→ **WHAT NEEDS TO BE DONE**
When copying the data below, keep only the lines from the one with "Kenzo fiskehatt med dragkedja - Neutral" through the one with "Chuyên gia lưu", word for word, and skip the pictures.

→ **SUPPLIED RECORDS**
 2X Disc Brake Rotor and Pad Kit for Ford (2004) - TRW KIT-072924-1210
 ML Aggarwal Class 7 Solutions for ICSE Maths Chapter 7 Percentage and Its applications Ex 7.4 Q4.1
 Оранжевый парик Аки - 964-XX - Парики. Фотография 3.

==

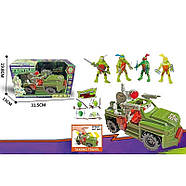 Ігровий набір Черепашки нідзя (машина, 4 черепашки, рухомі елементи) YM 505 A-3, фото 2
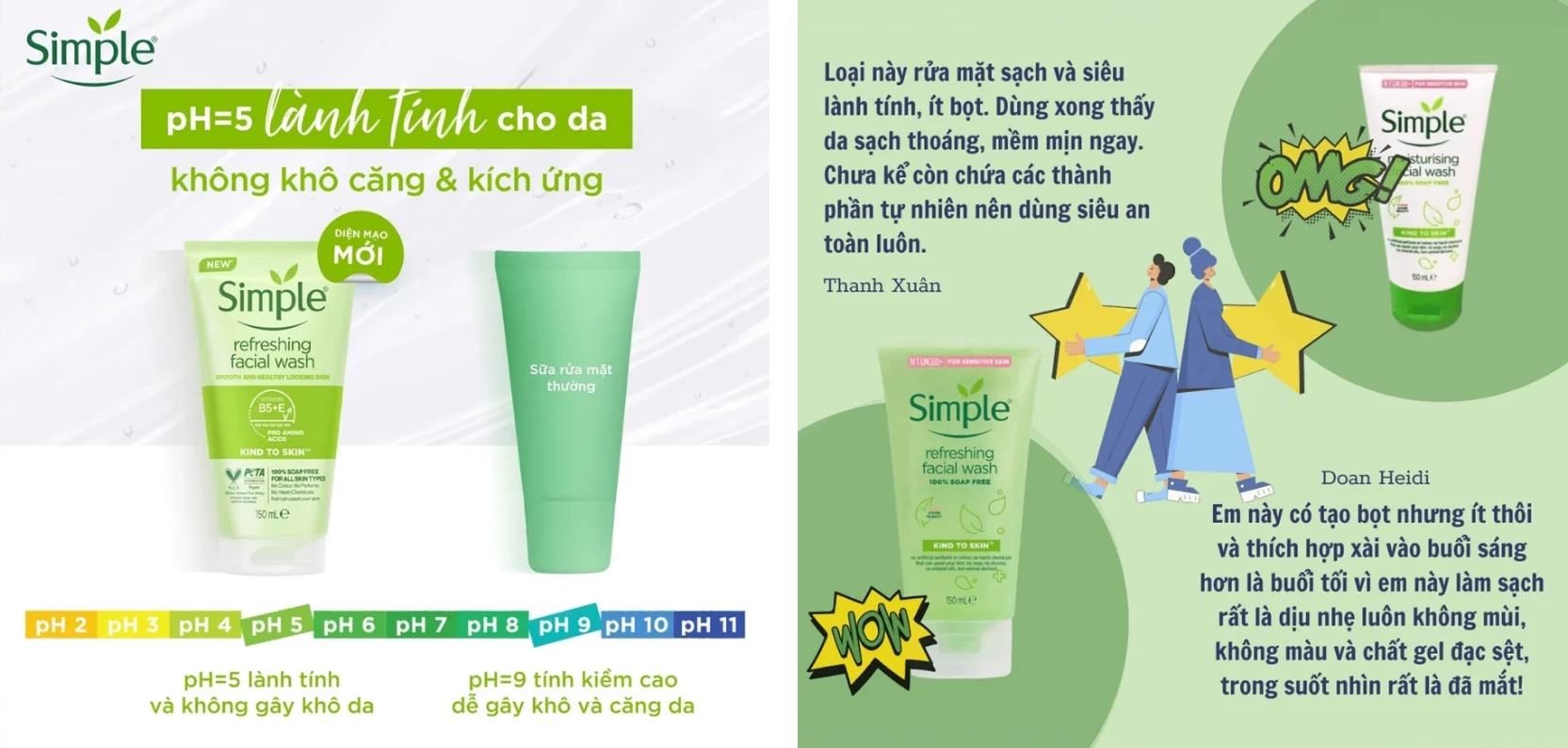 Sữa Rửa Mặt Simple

...

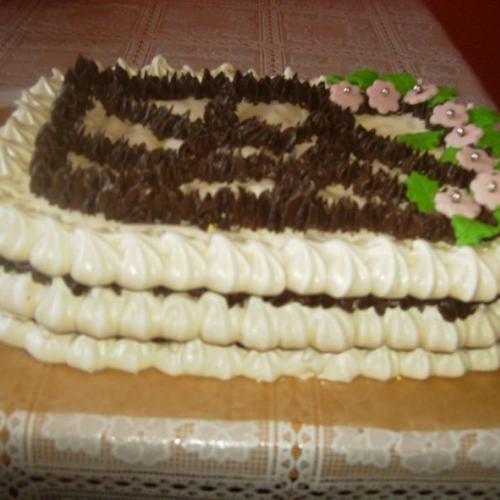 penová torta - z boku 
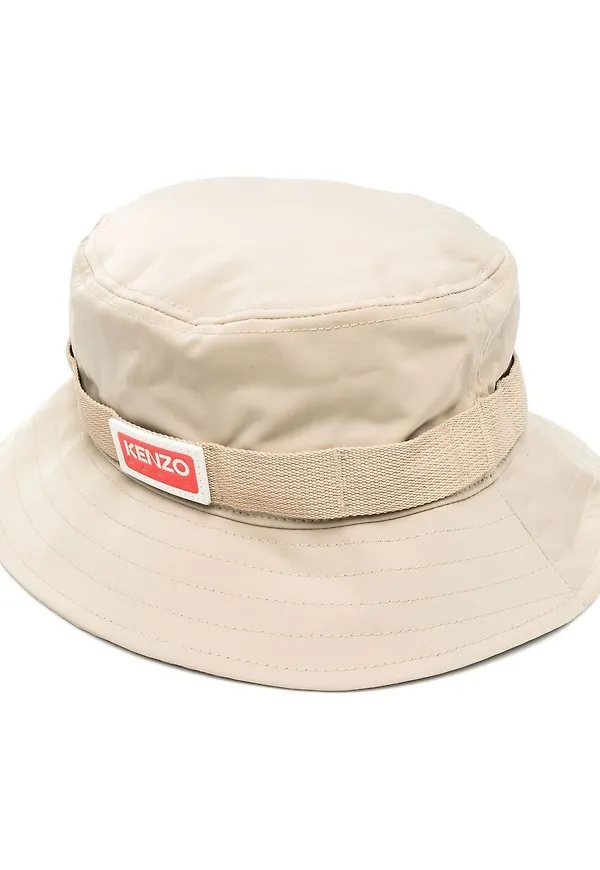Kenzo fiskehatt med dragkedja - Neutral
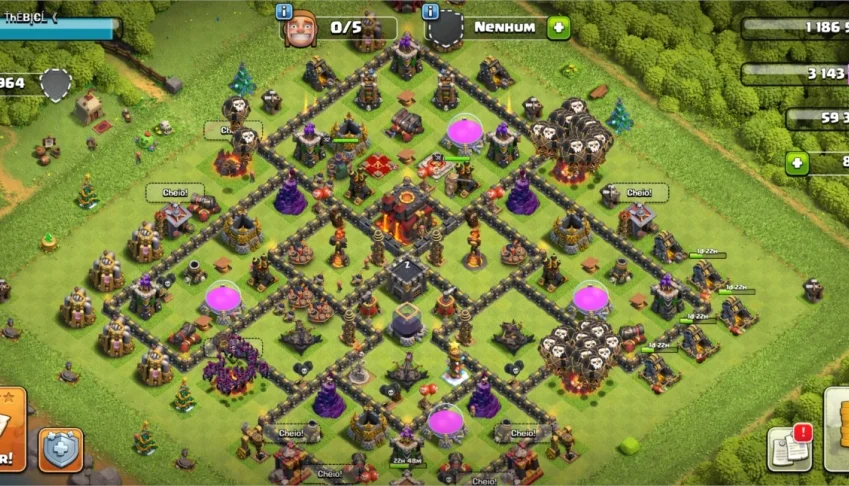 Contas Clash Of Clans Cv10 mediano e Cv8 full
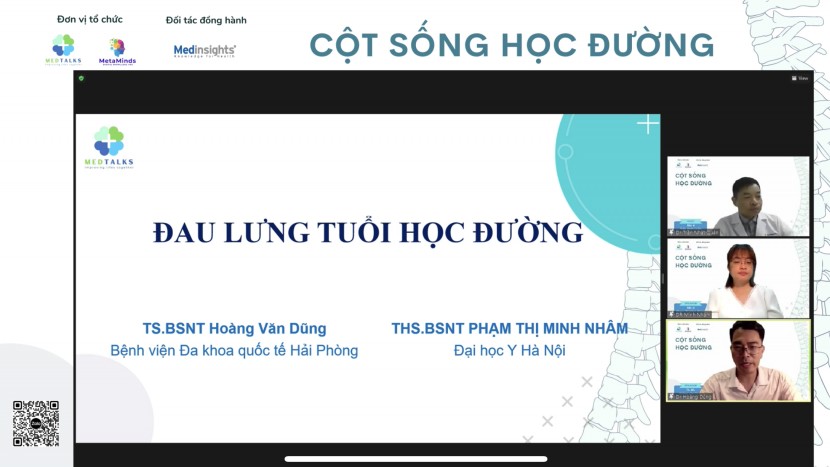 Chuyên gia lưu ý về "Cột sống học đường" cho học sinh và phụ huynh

→ **RESULT**
Kenzo fiskehatt med dragkedja - Neutral
 Contas Clash Of Clans Cv10 mediano e Cv8 full
 Chuyên gia lưu ý về "Cột sống học đường" cho học sinh và phụ huynh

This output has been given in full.